Starting with the line that has "720 Pinecone Alley, Gastonia, NC" in the records below and stopping after the line that has "The rising risk of China turning Japanese", output every line exactly and nothing else; skip pictures.

::: The records

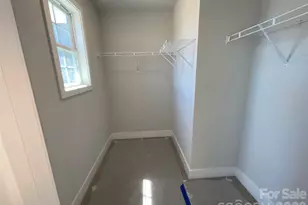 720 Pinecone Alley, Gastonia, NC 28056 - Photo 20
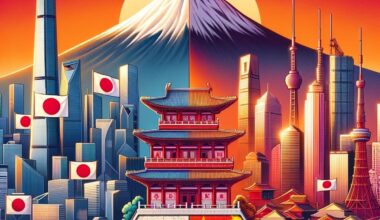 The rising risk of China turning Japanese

::::::
::: The records

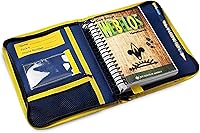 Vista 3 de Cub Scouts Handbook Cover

::::::

== Finished task ==
 720 Pinecone Alley, Gastonia, NC 28056 - Photo 20
 The rising risk of China turning Japanese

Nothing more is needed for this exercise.